Davis paints unforgettable personal portraits of men in combat and unravels a military mystery that has been covered up at the highest levels of government since the end of the war.
PUBLISHERS WEEKLY
World War II enthusiasts probably already know about the controversies surrounding the American mission to kill Admiral Isoroku Yamamoto, the man who orchestrated the Japanese attack on Pearl Harbor. What the uninitiated will find interesting is Davis's account of the lives of the soldiers who participated in the attack. Through a series of vignettes, the reader sees both American and Japanese perspectives. Good and bad guys can be found on either side, and Davis appears to be a fair judge of character as he considers different perspectives of these historic events. Davis also does an excellent job supplementing a bird's eye view of the war with minute detail, i.e. "honor ribbons blossomed on the chest of the green uniform, and the right hand rested upon a long sword." Davis portrays Yamamoto not as a villain, but as a man who "captured the imagination of his crew and pilots" and was an inspiration to his people. (The real villain appears in the form of a glory-seeking American who uses his connections to rewrite history.) Yet, in this account, individuals are minor players compared to the war itself, which takes us from Japan and Pearl Harbor to the Philippines, Australia and Guadalcanal, where the bulk of the action takes place.

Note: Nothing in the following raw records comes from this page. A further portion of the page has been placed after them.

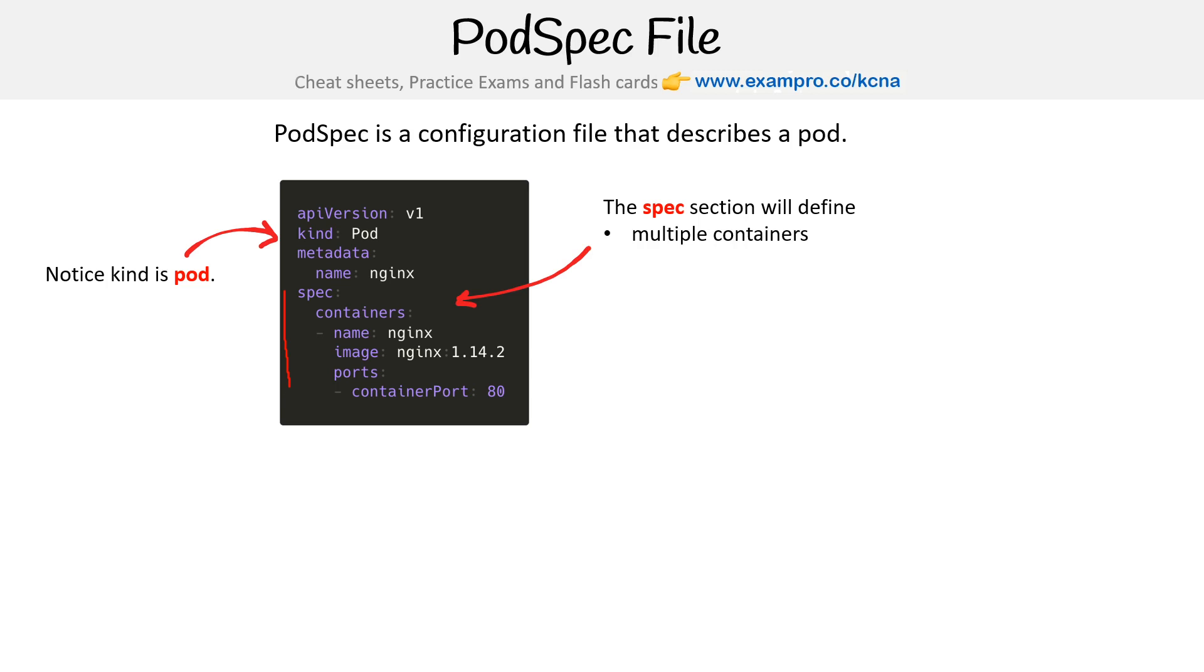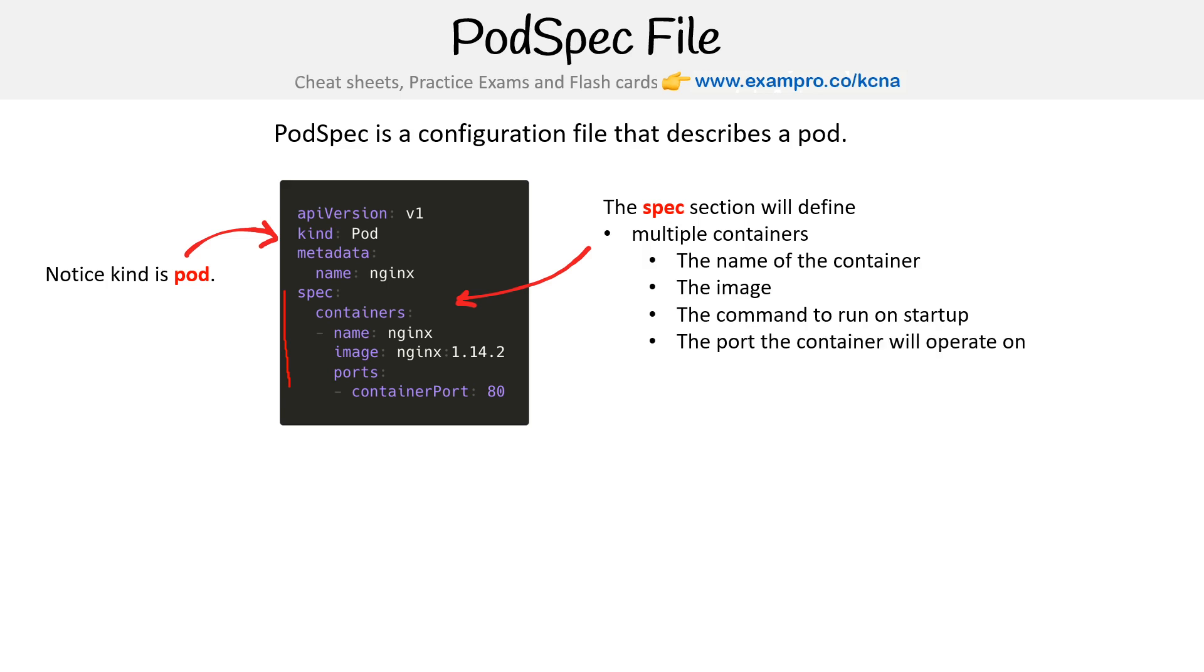So the idea is you can define multiple containers, and you'll have the name of the container, the image here which is nginx, the command to run on startup, the port the container will operate on, the restart policy, and a variety of other things.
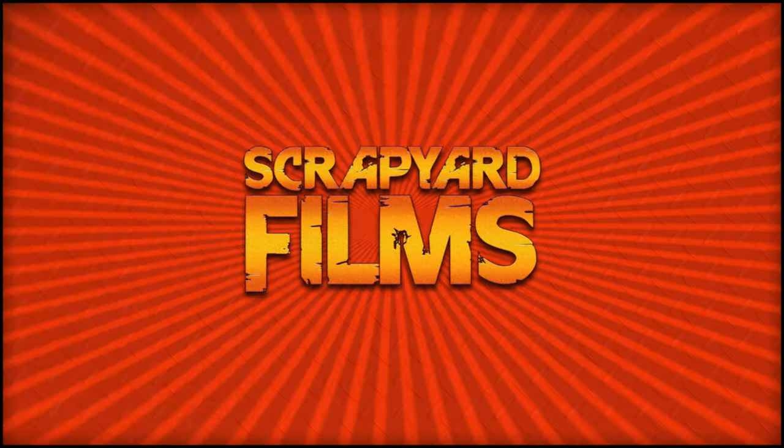What's going on everybody, Josh here with Scrapyard Films, and today I've got another Vegas Pro 18 tutorial for you.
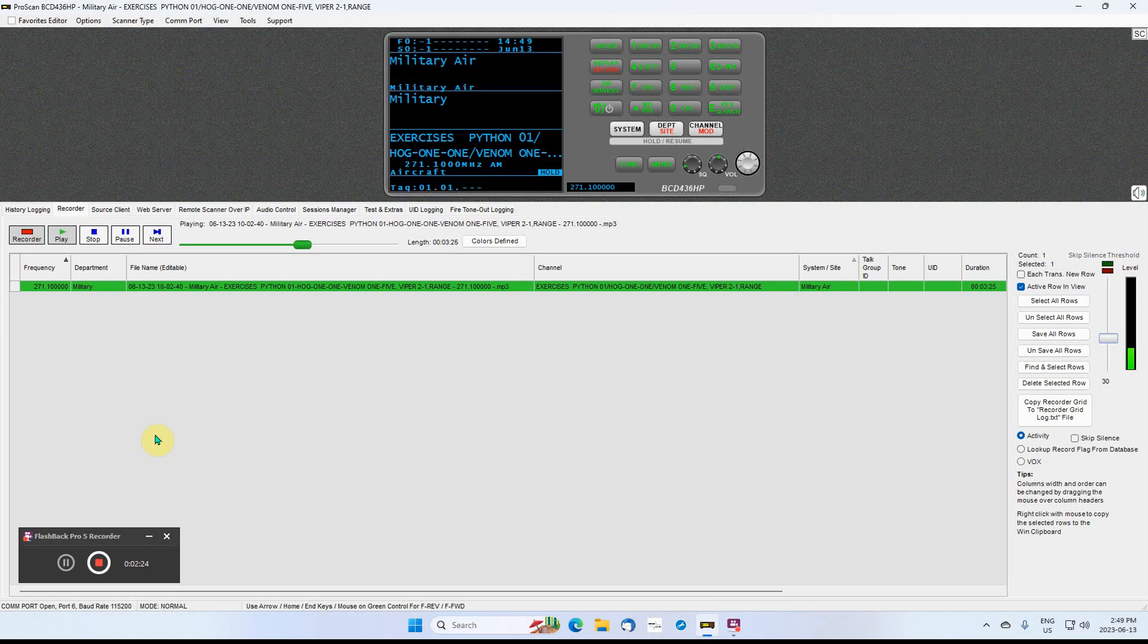Python 0-1. 0-1-0, we'll get eyes on clearly on this side.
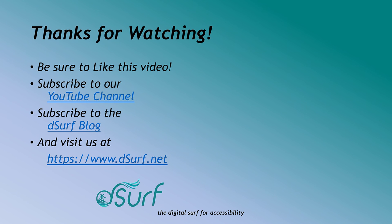Thanks for watching. Be sure to like this video and subscribe to our YouTube channel. Subscribe to the DSURF blog and visit us at https://www.dsurf.net.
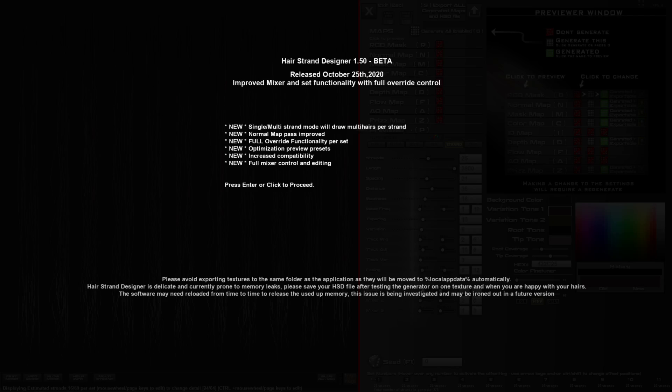Hello and welcome to this update to Hair Strand Designer. This is version 1.5. I've spent a good while working on some new updates and features to bring this more into a solid tool to make hairs. So without further ado, I'll just give you a rundown of what's new.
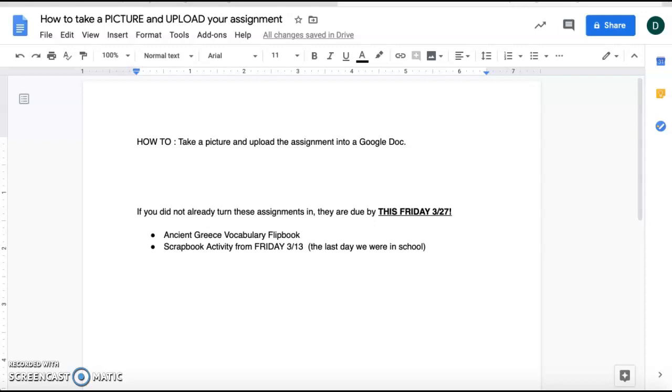Okay, so how to take a picture and upload that assignment into your Google Doc. You are going to go up to the Insert tab here and you're going to select the first option, this image,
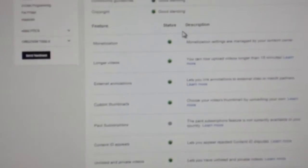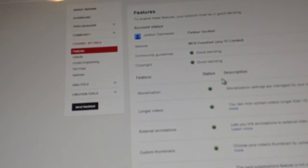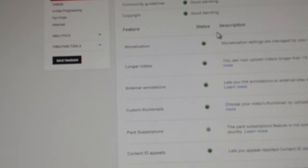Look at that right there. Network: MCN Freedom. And I can get custom thumbnails because I just got monetization. Longer videos - seems like I can upload more than 15 minutes.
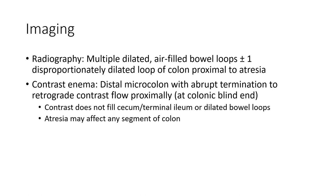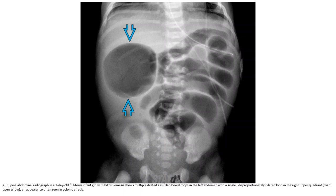The atresia may affect any segment of the colon. On supine abdominal radiograph in a one-day-old full-term infant, there are dilated bowel loops in the left abdomen with a single disproportionately dilated loop in the right upper quadrant, an appearance often seen in colonic atresia.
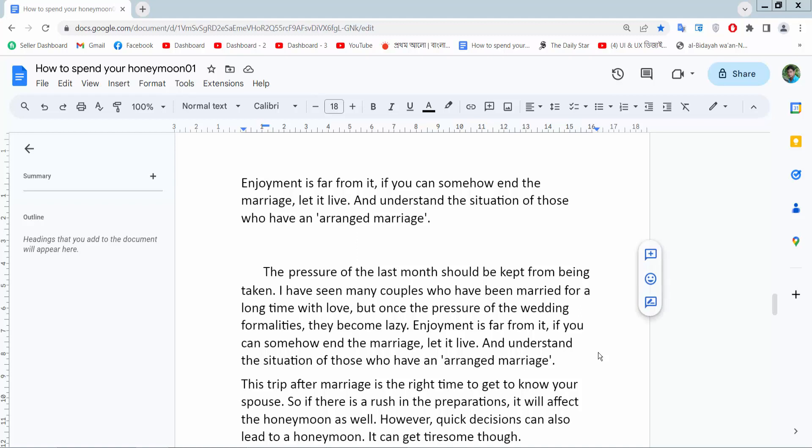Hello everyone. Today I will show you how to remove indent in Google Docs.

Increasingly, readers are shown the more subtle but no less vicious war regarding the truth of what happened during the Yamamoto mission, and herein lies the thrust of Davis's book: to shatter the air of conspiracy that surrounds the mysterious mission and reveal the truth. Despite a thrown-together feel in the first 70 or so pages, Davis both informs and entertains, and shows the ease with which history may be rewritten.